1930’s Movie Magazines
During the 1930’s, Robert Taylor’s face was everywhere. He beamed from every newsstand in black and white and living color. Most of the images were romantic and emphasized his good looks but a few differed. The one from Yugoslavia showing Mr. Taylor drinking coffee, for instance, or the one with his battered face from The Crowd Roars are unusual. He is often featured with his co-stars, most often Jean Harlow in Personal Property or Barbara Stanwyck in This Is My Affair.
Yugoslavia; Yugoslavia; Italy; Argentina
These covers remind us of how different the world was then. Paper and print were cheap and movie magazines flourished by the dozens. The average price was between 5 and 10 cents in the United States. Everyone went to the movies, not just adolescent males who like to watch things blow up.
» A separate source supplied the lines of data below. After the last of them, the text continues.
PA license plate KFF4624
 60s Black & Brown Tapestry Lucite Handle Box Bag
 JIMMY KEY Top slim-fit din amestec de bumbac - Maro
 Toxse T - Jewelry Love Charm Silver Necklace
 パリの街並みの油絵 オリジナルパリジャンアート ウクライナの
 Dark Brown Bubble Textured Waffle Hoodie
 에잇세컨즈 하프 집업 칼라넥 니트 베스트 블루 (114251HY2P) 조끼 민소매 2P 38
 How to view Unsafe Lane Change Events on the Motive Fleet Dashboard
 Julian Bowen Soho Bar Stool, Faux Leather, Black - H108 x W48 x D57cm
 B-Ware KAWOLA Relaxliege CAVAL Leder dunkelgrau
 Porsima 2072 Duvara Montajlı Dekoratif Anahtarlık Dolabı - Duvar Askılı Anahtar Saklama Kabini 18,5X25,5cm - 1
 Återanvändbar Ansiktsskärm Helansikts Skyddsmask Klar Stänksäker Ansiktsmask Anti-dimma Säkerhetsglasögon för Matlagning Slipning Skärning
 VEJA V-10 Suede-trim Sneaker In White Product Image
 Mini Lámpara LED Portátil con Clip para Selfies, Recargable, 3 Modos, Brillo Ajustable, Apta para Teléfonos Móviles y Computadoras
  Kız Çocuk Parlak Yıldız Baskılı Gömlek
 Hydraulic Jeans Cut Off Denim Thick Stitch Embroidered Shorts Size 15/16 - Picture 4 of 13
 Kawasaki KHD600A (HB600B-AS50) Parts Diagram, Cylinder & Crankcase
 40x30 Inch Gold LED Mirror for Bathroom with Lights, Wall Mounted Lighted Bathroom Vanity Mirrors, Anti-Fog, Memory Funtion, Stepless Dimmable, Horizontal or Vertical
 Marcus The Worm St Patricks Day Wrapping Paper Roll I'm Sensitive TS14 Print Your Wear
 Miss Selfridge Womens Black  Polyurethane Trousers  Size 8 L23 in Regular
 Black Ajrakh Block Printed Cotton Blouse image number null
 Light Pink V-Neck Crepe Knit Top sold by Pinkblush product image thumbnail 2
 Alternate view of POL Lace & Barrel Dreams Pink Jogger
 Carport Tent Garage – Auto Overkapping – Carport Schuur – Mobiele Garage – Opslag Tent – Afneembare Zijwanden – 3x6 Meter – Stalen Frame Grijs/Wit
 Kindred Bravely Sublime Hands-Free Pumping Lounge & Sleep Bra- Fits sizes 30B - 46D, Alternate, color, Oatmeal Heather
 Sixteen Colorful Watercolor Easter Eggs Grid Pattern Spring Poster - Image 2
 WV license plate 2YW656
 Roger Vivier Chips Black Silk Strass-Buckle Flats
For a nickel a young couple could buy an evening in the comfort of a movie theater, with maybe another nickel for ice cream later.
Movies weren’t supposed to be real and hard hitting they way they became in the fifties and sixties. The country was in a deep and lasting Depression and films provided a welcome relief from it all.
These magazines were meant for women and girls. They were read and discussed by the working women of the thirties and by the stay at home mothers. Every facet of a star’s life, whether real or imagined, would turn up on the pages of Photoplay, True Romances, or Movie Mirror.
The studios, like MGM, worked with the magazines to make their stars available for interviews and photographs, and to intervene if a star got off track and started to talk about anything too real. There are also some serious magazines like Films in Review for those who insist on analyzing movies rather than just enjoying them.
I am especially intrigued by a magazine called The Gentlewoman. Perhaps gentlewomen preferred Robert Taylor.
Nor were Mr. Taylor’s appearances on covers limited to American magazines. You could find him on newsstands in countries from Spain to Turkey to Israel and points beyond.
Many of the stories in these magazines were entirely fictional. The studios generally didn’t complain unless there was something that would damage one of their stars. This illustrates the old saying that “any publicity is good publicity.”
The movie magazines were influential. An article in Photoplay in December, 1938 about Hollywood’s “unmarried couples” resulted in a number of marriages including that of Robert Taylor and Barbara Stanwyck and Clark Gable and Carole Lombard.